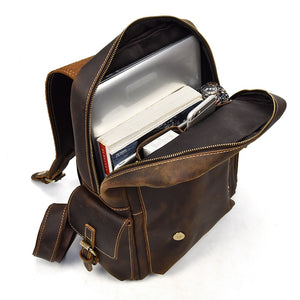 Zipper Open Leather Backpack with Laptop 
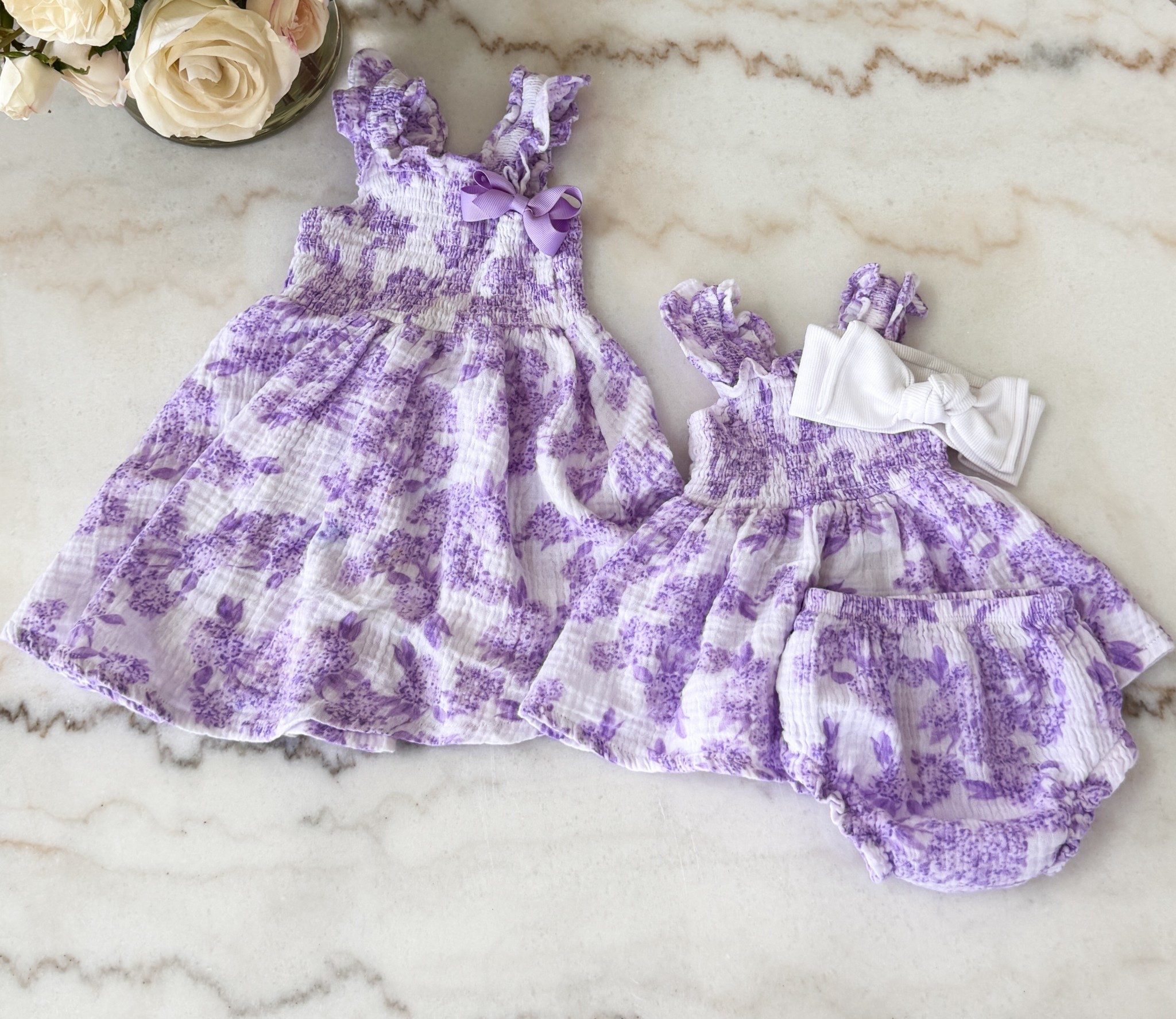 Lilac floral dress for both my daughters! Love the matching and it’s perfect for spring and summer

#LTKBaby #LTKKids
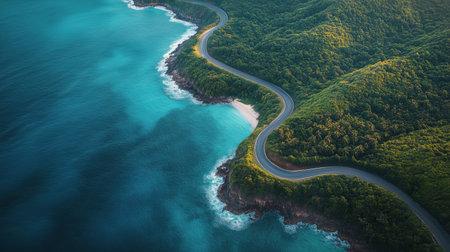 A winding road hugs the coastline, offering breathtaking views of the turquoise ocean and vibrant green hills. The tranquil beach is visible along the curves of the landscape.の素材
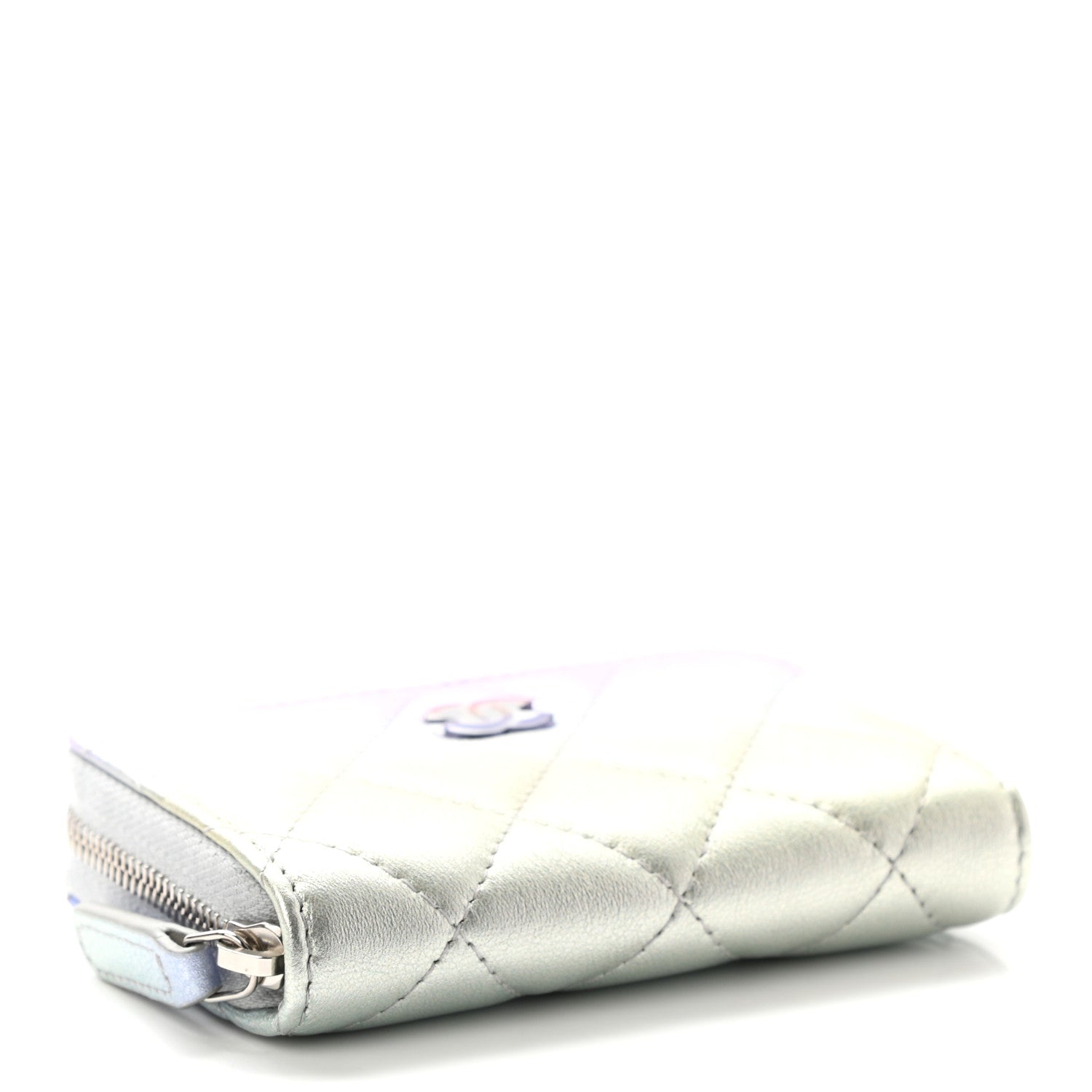 Chanel Gradient Metallic Calfskin Quilted Zip Around Coin Purse Wallet Silver Blue Yellow Purple 4 of 7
_ _ _ _ _
Assignment →
Take the lines from the one holding "A winding road" through the last line of the data above and copy them exactly, both ends included, omitting all pictures.

Result of this task →
 A winding road hugs the coastline, offering breathtaking views of the turquoise ocean and vibrant green hills. The tranquil beach is visible along the curves of the landscape.の素材
 Chanel Gradient Metallic Calfskin Quilted Zip Around Coin Purse Wallet Silver Blue Yellow Purple 4 of 7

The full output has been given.